I was running the following codes

${GATK4} --java-options '-Xmx10g -XX:GCTimeLimit=50 -XX:GCHeapFreeLimit=10 -XX:ConcGCThreads=1 -XX:ParallelGCThreads=2' HaplotypeCaller -R /shared/resources/hgRef/hg38/Homo_sapiens_assembly38.fasta -I /home/manolis/GATK4/2.BQSR/bqsr_PROVA/WES_16-1239_bqsr.bam -O "PROVA_${version}.g.vcf.gz" -L /home/manolis/GATK4/DB/hg38_SureSelectV6noUTR_S07604514_HC_1-22_XY.intervals -ip 100 -ERC GVCF --max-alternate-alleles 3 -ploidy 2 -A StrandBiasBySample --tmp-dir /home/manolis/GATK4/tmp/

${GATK4} --java-options '-Xmx10g -XX:GCTimeLimit=50 -XX:GCHeapFreeLimit=10 -XX:ConcGCThreads=1 -XX:ParallelGCThreads=2' ValidateVariants -R /shared/resources/hgRef/hg38/Homo_sapiens_assembly38.fasta -V "PROVA_${version}.g.vcf.gz" -L/home/manolis/GATK4/DB/hg38_SureSelectV6noUTR_S07604514_HC_1-22_XY.intervals -ip 100 -gvcf -Xtype ALLELES --tmp-dir /home/manolis/GATK4/tmp/

and I created the following files:

HaplotypeCaller v4.0.11.0 -> output "PROVA_v40110.g.vcf.gz"
HaplotypeCaller v4.1.0.0 -> output "PROVA_v4100.g.vcf.gz"

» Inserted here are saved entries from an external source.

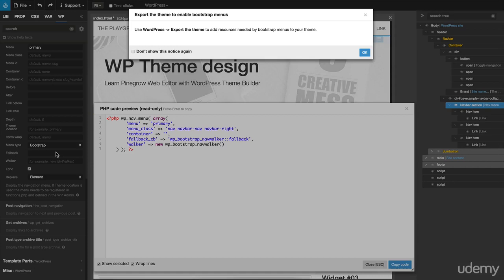A notice comes up that says that we will need to export the theme after saving it in order for the menu settings to take effect.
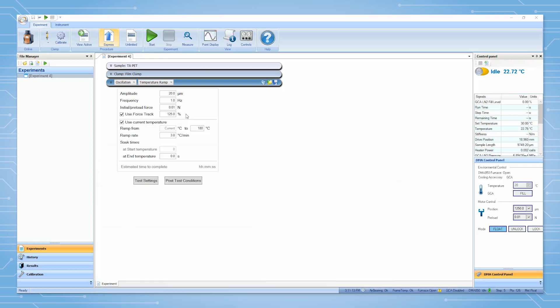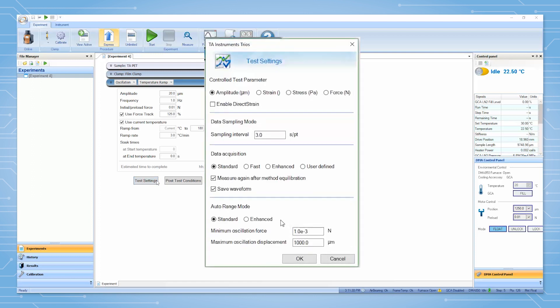The tension clamp will also have an additional option to measure the length after the initial temperature equilibration in the test settings. This option is called measure again after method equilibration.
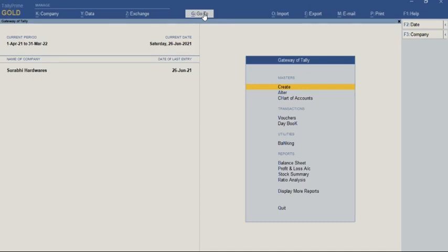Hello everyone, welcome to my channel Tally Learning World. In today's video we will discuss how to get E-way bill details from offline if you have generated E-way bills through JSON.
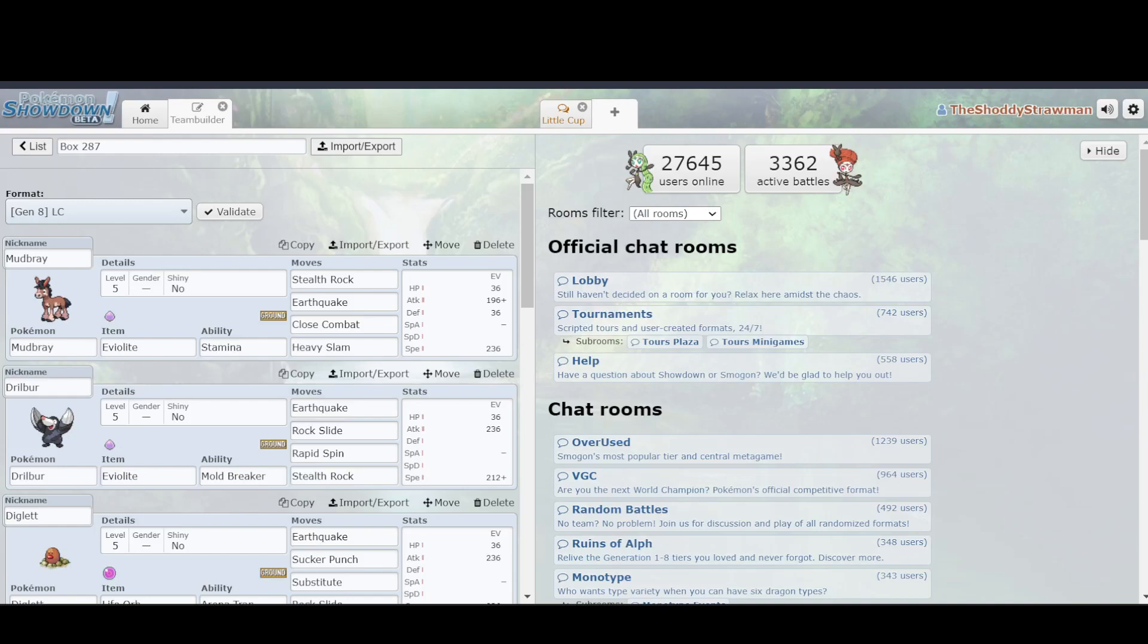Hello, this is the Shoddy Strawman. Today I'm going to be going over why the base stat totals of some Pokemon can be very misleading in Low Cup.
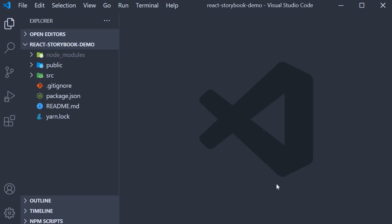All right guys, in this video let's get started by setting up Storybook in our React application. Now first thing I have to mention is that I have created a new React project using Create React App. So go ahead and run the command npx create-react-app followed by your project name.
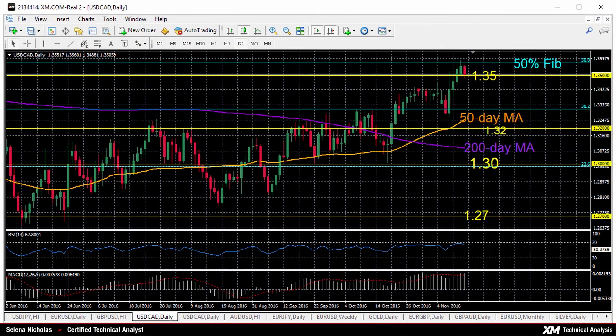Hello, welcome to today's technical analysis. It's November 15th, 2016. I'm Selina Nicholas, technical analyst at XM.com. Today we'll look at the US dollar versus the Canadian dollar on the daily chart.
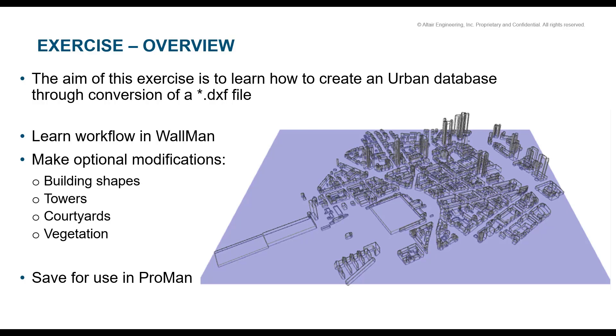The aim of this exercise is to learn how to create an urban database by converting a DXF file. We will be building shapes, towers, courtyards, and adding vegetation, and then save the file to use it with ProMan.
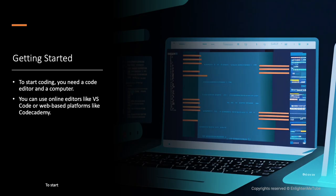To start coding, you need a code editor and a computer. You can use online editors like VS Code or web-based platforms like Codecademy.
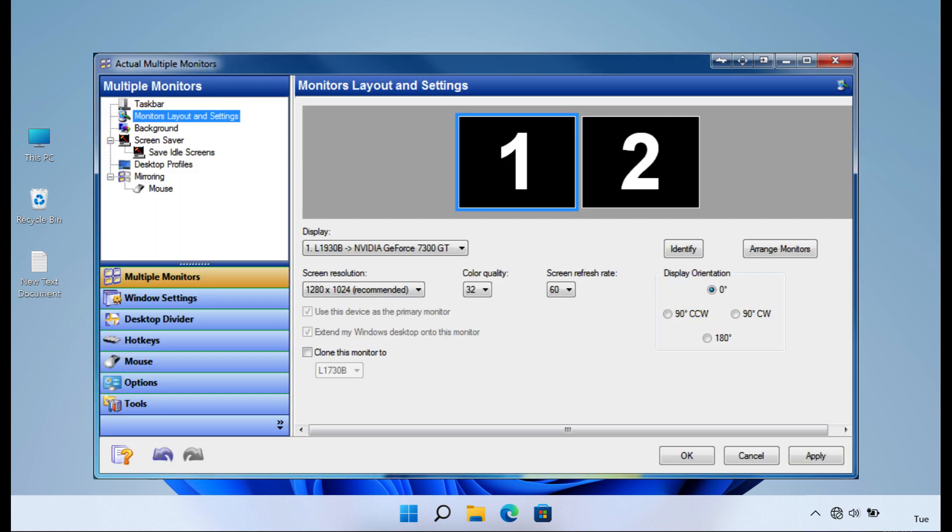Actual Multiple Monitors is a feature-rich software solution that offers a plethora of tools and functions to streamline the management of multiple monitors. Users can take advantage of features such as multi-monitor taskbars, window snapping, virtual desktops, and customizable hotkeys to enhance their multi-monitor workflow.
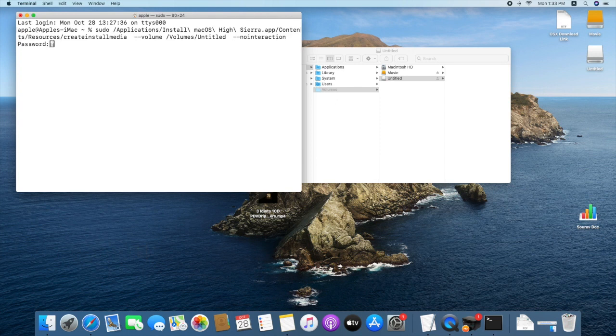And hit enter. Type your admin password and hit enter.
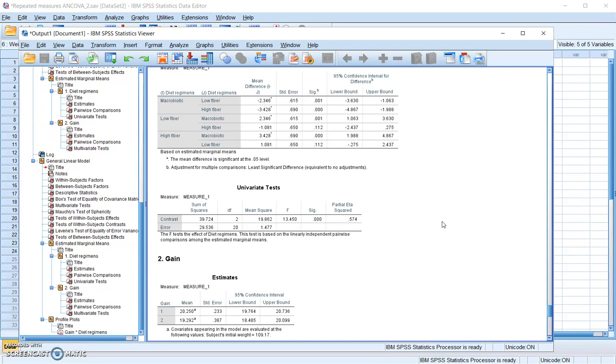Repeated measure ANCOVA is a combination of ANCOVA and repeated measure ANOVA. I hope this will help you understand the procedure better. Thank you.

When I'm going to validate them I have the following results:

1) ValidateVariants v4.0.11.0 -> input "PROVA_v40110.g.vcf.gz" ........ Everything OK !!!

2) ValidateVariants v4.0.11.0 -> input "PROVA_v4100.g.vcf.gz" ........ Everything OK !!!

3) ValidateVariants v4.1.0.0 -> input "PROVA_v4100.g.vcf.gz" ........ ERROR !!!

***********************************************************************
A USER ERROR has occurred: In a GVCF all records must ordered. Record: [VC Unknown @ chr2:41350-41765 Q. of type=SYMBOLIC alleles=[A*, <NON_REF>] attr={END=41765} filters= covers a position previously traversed.
***********************************************************************

4) ValidateVariants v4.1.0.0 -> input "PROVA_v40110.g.vcf.gz" ........ ERROR !!!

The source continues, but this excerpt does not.